:: What to work on ::
Please transcribe, exactly and only, the lines of the records below from the one holding "断相与相序保护继电器_第2页" to the very end.

:: Data to examine ::
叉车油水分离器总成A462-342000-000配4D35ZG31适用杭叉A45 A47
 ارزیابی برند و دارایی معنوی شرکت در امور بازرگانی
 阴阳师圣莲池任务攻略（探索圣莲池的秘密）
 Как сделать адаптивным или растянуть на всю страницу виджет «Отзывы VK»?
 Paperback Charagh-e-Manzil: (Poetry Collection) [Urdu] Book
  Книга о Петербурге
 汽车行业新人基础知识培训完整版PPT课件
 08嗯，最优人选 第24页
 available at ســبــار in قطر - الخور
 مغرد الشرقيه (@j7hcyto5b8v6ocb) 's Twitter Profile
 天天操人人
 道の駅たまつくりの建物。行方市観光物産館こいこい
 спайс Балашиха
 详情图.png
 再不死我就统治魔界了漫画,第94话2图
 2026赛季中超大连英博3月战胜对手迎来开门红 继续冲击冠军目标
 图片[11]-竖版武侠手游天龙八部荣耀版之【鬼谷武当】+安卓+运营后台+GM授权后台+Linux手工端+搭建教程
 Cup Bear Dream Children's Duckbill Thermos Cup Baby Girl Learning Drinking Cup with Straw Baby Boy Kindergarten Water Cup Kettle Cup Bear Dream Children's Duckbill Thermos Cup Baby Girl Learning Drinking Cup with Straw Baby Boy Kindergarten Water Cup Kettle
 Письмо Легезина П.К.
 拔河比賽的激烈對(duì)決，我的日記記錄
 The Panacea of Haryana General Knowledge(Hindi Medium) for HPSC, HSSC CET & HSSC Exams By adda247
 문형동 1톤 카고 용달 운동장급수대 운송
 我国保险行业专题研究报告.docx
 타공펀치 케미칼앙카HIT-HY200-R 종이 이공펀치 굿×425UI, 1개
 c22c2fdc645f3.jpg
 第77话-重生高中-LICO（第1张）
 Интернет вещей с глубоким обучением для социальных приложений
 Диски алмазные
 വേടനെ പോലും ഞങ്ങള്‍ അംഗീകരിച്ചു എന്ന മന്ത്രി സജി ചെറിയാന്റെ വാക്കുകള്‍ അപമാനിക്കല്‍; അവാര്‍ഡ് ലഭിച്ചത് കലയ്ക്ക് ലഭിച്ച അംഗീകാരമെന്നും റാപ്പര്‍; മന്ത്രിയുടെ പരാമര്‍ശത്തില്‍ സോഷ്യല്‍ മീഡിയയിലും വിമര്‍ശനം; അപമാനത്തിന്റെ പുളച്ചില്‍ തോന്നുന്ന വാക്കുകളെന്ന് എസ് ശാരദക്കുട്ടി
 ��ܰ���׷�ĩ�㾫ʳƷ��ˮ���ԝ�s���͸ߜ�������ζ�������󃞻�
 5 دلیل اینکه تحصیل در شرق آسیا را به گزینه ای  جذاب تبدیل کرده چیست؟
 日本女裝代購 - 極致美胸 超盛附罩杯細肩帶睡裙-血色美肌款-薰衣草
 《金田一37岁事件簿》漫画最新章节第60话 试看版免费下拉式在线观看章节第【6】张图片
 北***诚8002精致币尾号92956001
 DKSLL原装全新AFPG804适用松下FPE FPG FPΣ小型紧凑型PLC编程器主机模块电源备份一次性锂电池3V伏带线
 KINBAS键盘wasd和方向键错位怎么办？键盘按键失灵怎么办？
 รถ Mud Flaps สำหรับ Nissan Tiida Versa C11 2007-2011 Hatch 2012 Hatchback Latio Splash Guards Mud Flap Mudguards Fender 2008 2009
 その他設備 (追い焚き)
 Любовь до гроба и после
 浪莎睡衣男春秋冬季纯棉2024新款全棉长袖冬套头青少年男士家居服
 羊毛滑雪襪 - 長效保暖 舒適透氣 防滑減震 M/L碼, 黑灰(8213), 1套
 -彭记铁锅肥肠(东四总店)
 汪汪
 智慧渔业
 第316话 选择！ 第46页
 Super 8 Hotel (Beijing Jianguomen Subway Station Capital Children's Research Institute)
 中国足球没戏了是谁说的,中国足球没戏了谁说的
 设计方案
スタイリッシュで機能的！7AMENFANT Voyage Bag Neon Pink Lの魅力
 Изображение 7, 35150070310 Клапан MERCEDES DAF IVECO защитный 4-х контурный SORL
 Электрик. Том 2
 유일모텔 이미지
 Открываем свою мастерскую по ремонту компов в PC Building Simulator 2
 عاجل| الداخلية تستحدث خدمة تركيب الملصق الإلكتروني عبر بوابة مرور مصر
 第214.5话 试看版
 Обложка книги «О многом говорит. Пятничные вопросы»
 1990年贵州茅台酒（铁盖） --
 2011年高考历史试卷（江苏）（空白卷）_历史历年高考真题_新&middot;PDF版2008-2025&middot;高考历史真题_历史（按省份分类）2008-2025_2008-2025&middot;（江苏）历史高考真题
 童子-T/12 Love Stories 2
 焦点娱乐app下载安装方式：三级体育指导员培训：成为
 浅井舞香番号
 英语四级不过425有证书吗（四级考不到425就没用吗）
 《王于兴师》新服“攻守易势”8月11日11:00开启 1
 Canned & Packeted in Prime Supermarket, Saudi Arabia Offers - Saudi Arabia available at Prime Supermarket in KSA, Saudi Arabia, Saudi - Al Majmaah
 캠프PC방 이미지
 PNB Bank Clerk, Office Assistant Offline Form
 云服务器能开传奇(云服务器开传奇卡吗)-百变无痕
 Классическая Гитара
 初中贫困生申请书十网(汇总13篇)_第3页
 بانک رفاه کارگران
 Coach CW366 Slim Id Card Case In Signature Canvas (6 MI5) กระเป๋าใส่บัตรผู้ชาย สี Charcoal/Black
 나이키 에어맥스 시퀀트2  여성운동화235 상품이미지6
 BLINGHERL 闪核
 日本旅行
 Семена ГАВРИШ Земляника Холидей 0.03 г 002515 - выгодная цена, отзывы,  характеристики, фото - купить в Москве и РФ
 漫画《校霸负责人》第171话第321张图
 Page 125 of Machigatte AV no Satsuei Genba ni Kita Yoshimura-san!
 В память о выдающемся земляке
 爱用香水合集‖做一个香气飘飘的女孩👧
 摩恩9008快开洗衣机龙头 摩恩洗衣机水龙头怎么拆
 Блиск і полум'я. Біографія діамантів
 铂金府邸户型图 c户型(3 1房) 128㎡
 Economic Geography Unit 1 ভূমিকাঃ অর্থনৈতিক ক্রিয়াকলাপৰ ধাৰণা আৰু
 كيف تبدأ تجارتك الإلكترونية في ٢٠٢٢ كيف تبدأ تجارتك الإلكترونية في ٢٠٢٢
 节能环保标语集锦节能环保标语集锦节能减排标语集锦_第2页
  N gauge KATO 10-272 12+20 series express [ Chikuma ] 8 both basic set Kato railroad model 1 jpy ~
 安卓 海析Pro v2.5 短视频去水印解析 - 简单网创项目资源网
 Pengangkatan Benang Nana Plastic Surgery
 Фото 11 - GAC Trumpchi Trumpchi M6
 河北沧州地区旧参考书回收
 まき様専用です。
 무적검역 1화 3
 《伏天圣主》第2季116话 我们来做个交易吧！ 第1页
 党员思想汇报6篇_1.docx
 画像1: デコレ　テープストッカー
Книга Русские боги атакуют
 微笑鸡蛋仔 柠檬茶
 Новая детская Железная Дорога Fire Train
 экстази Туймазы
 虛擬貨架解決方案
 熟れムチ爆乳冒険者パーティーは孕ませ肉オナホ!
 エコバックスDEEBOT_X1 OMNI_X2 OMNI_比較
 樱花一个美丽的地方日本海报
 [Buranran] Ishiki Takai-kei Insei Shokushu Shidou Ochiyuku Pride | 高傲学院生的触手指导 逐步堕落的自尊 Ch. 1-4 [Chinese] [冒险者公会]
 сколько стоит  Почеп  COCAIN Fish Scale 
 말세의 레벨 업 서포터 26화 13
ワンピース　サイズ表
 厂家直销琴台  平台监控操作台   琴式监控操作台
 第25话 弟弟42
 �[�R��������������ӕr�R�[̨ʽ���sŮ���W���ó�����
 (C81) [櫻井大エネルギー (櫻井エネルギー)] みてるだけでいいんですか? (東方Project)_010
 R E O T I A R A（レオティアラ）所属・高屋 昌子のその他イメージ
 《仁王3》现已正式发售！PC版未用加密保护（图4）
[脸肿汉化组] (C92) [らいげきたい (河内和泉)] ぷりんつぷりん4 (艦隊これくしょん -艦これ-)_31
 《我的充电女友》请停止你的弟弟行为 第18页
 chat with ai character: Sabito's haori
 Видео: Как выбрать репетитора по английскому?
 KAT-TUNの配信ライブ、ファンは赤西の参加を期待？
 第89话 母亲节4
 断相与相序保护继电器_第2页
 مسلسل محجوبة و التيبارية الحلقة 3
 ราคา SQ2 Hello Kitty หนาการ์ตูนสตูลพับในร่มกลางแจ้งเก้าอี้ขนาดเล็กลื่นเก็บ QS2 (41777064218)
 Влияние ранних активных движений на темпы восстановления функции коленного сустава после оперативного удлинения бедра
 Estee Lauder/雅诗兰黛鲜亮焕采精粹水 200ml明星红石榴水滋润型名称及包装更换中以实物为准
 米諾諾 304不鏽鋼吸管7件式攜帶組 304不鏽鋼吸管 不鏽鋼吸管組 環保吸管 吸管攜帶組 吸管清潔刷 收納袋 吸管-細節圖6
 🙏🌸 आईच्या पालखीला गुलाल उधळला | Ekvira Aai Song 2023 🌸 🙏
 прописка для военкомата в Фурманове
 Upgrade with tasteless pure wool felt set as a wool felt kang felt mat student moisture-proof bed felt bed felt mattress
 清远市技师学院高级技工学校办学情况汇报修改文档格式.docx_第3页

:: Answer area ::
 断相与相序保护继电器_第2页
 مسلسل محجوبة و التيبارية الحلقة 3
 ราคา SQ2 Hello Kitty หนาการ์ตูนสตูลพับในร่มกลางแจ้งเก้าอี้ขนาดเล็กลื่นเก็บ QS2 (41777064218)
 Влияние ранних активных движений на темпы восстановления функции коленного сустава после оперативного удлинения бедра
 Estee Lauder/雅诗兰黛鲜亮焕采精粹水 200ml明星红石榴水滋润型名称及包装更换中以实物为准
 米諾諾 304不鏽鋼吸管7件式攜帶組 304不鏽鋼吸管 不鏽鋼吸管組 環保吸管 吸管攜帶組 吸管清潔刷 收納袋 吸管-細節圖6
 🙏🌸 आईच्या पालखीला गुलाल उधळला | Ekvira Aai Song 2023 🌸 🙏
 прописка для военкомата в Фурманове
 Upgrade with tasteless pure wool felt set as a wool felt kang felt mat student moisture-proof bed felt bed felt mattress
 清远市技师学院高级技工学校办学情况汇报修改文档格式.docx_第3页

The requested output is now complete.